Let G be a finite p-group of order p^m. Show that G has normal subgroups G0, G1 ....Gm such that {e}=G0 < G1 <.......< Gm=G and O(Gi)=p^i for all i=0, 1, 2.....m.
(e is identity).
You can use Sylow's theorem, which is straightforward and your last exercise. But I think it is better to actually prove this result without the use of Sylow's theorem. We will use the same theorem we proved here.

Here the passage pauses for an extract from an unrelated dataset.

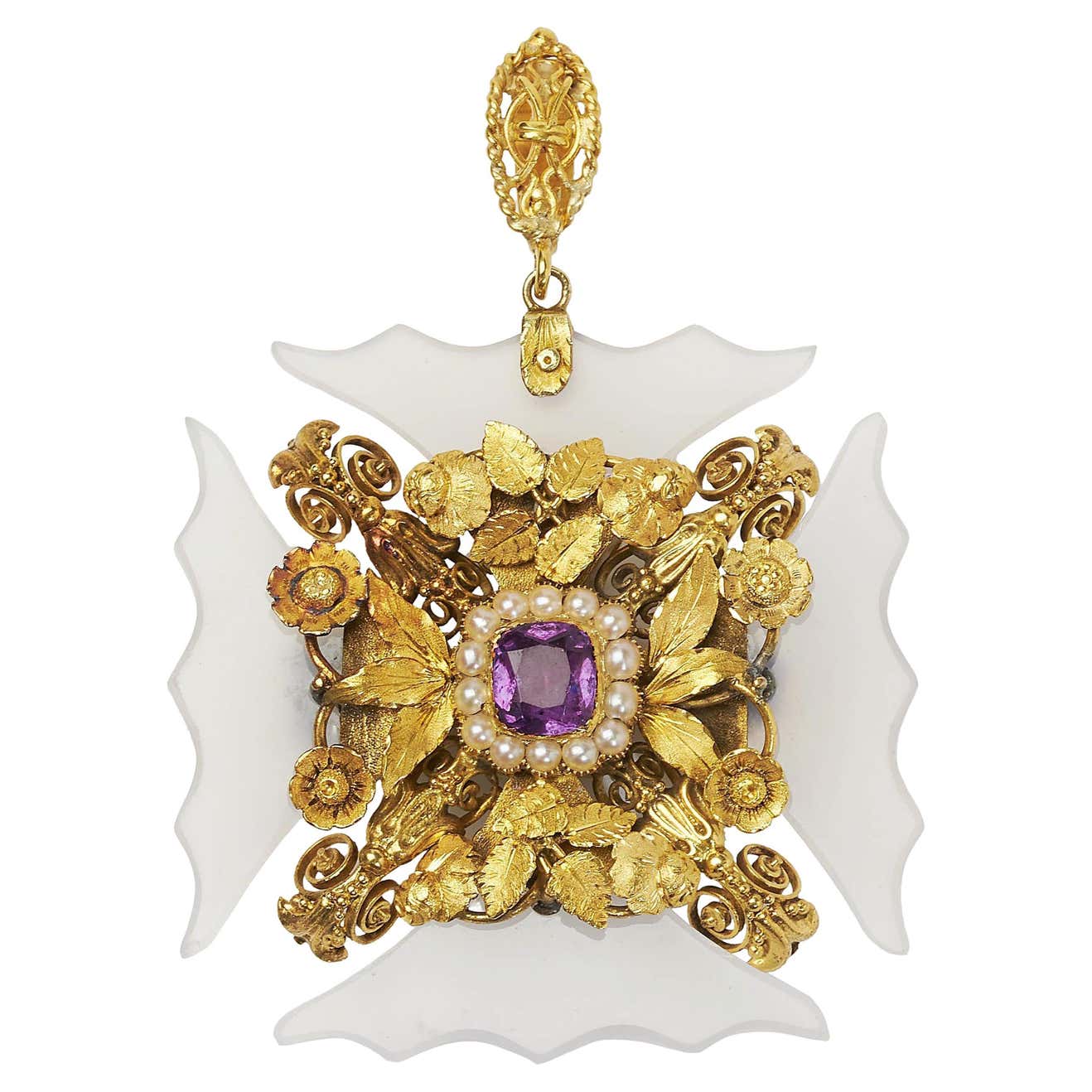 Georgian Chalcedony, Amethyst, Pearl Silver and Gold Cross Pattée ...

Obviously $\displaystyle G_0$ exists. Now by Cauchy's theorem there is a subgroup $\displaystyle G_1$. We will show how to prove $\displaystyle G_2$ exists. By the theorem we proved we know that $\displaystyle N(G_1)\not = G_1$. Since $\displaystyle G_1\triangleleft N(G_1)$ we can form $\displaystyle N(G_1)/G_1$ and we see that $\displaystyle p$ divides $\displaystyle |N(G_1)/G_1|$. By Cauchy's theorem there is a subgroup $\displaystyle K\subseteq N(G_1)/G_1$ with $\displaystyle |K|=p$. If $\displaystyle \pi : N(G_1)\to N(G_1)/G_1$ is the natural projection then $\displaystyle \pi^{-1}(K)$ is a subgroup of $\displaystyle N(G_1)$ with $\displaystyle |\pi^{-1}(K)| = p^2$. Just keep on repeating this argument for $\displaystyle p^2,p^3,..$ and so form and this gives us a chain $\displaystyle G_0\subseteq G_1 \subseteq ... \subseteq G_n$ with $\displaystyle G_j \triangleleft G_{j+1}$ and $\displaystyle (G_{j+1}:G_j)=p$.